A medida que entramos en la vida de Adela, en aquel rincón de Nueva Escocia, nos vamos dando cuenta de cómo la joven va girando y girando en esa espiral -descendente- de amor incondicional y autodestrucción. Vemos cómo cada palabra que escribe lleva toda pureza y verdad (su pureza y su verdad). Pero eso no hace que cada palabra que impregna en esos cientos de resmas de papel sea mentira. Tan solo ve el mundo desde otro punto de vista diferente al marcado- alguien muy sabio dijo una vez: “Nadie puede mirar a su propio cogote”-.
Cada encuentro que Adela tiene con el teniente Pinson, no es más que un sinsentido, pues desde el primer momento el propio militar deja claro que no está interesado en ella. Adela trata de convencerlo de todas las maneras. Dice al teniente que, si se casan, ella recibirá la herencia de su padre y todo ese dinero será exclusivamente para él. Incluso así, el militar rehúsa la oferta de matrimonio.
Adela no se deja vencer por estos reveses y sigue luchando por aquello en lo que cree. Cree ciegamente en el amor, y nadie le hará cambiar de opinión acerca de esa personificación amorosa en la que ha convertido al teniente Pinson. La joven hija de Víctor Hugo se encuentra cegada de amor irrefrenable. Este amor ciego impide que Adela vea el camino que está tomando y sea incapaz de leer el cartel que anuncia «Punto de no retorno» a un lado del sendero de su vida. Ya no le importa nada, tan solo lo que el apuesto militar representa para su vida.

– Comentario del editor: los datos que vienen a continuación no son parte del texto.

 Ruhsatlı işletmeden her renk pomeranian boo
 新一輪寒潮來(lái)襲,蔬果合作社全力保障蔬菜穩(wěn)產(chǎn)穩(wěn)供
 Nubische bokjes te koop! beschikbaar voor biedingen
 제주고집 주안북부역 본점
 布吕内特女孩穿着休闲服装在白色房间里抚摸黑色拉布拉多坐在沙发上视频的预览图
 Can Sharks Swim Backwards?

Incluso cuando este se compromete con una mujer de Halifax y la joven Adela habla con el padre de esta, haciéndole creer que se encuentra embarazada del joven militar, lo que hace que se rompa el compromiso. El clásico, «si no eres mío, no serás de nadie». Algunos dirían que en el amor todo vale, Adela simplemente lo pone en práctica.
Imbuida en esa espiral, Adela, no contenta con la verdad que rodea su vida, decide inventarse una y plasmarla en papel. En su íntimo diario, que crece a medida que su historia avanza, lanza todas esas ideas que lleva en su mente y las deja libres para que sean ellas mismas las que, desenredando las palabras, puedan tener la libertad suficiente para estamparse contra el papel y adquirir un orden entendible para cualquier hipotético futuro lector.

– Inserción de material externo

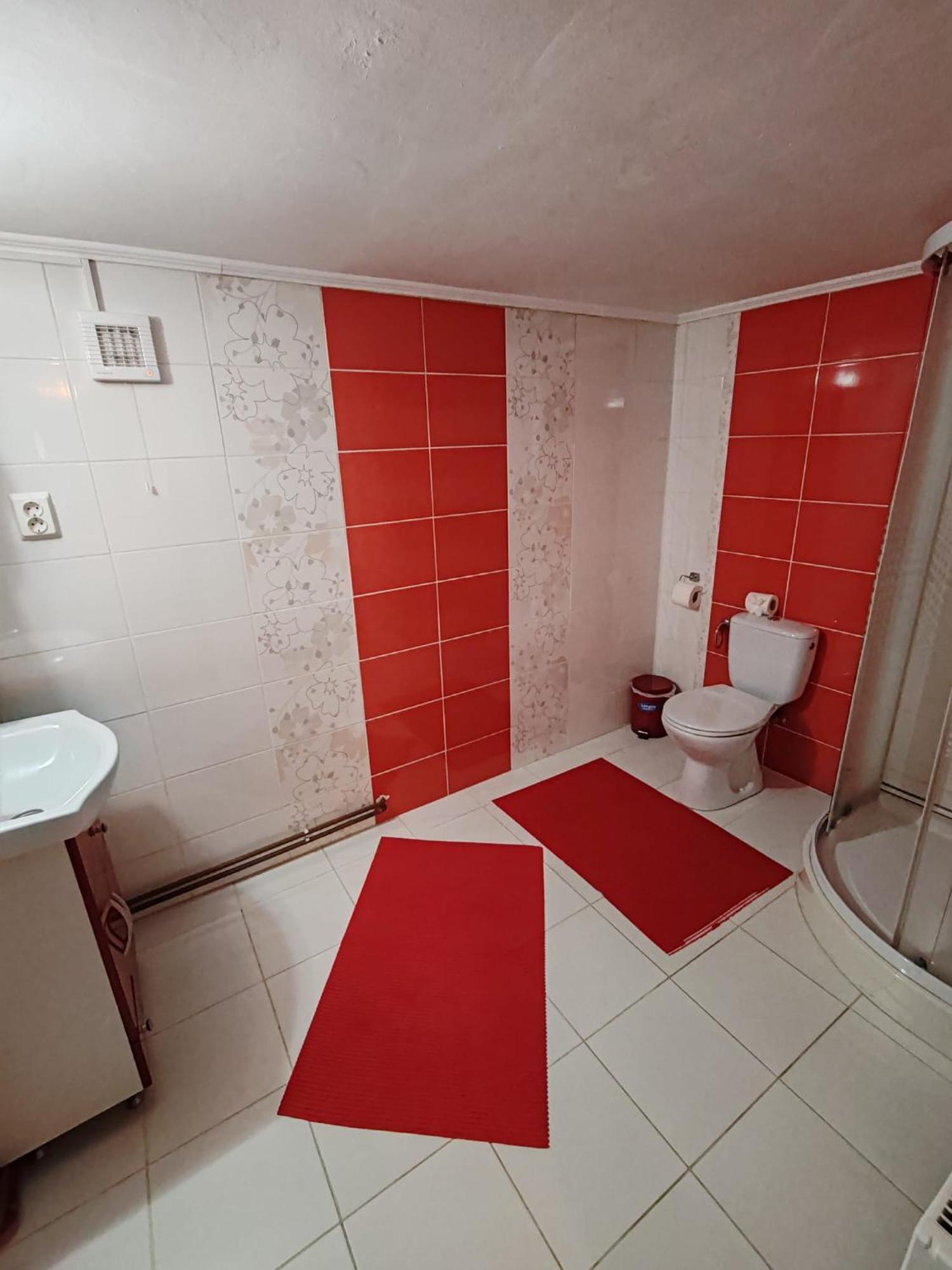 Casa Alex Hotel Topliţa Екстериор снимка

Como Víctor Hugo escribiera en ‘Los Miserables’ (1862): “Si no hubiera alguien que amara, el sol se apagaría”. Con el desbordante amor que profesa Adela, no existe la más mínima posibilidad que nos quedemos en la oscuridad absoluta, nunca.
Todo amor, por fuerte que sea, no es capaz de doblegarse ante nada. Adela es fiel al amor hasta las últimas consecuencias, pero lo único que le queda es el amor. El sentimiento etéreo que la acompaña allá donde va. Llega un momento en su vida que ni siquiera recuerda al dueño de ese amor.
Ese es el verdadero choque que se da contra el frio y pulido suelo al llegar al final de su caída en espiral. Pero tampoco se da cuenta de ello, tan solo pasa la vida acompañada de un amor que no sabe a quién pertenece. Esa es la dura realidad. Amar y no saber a quién entregar ese sentimiento.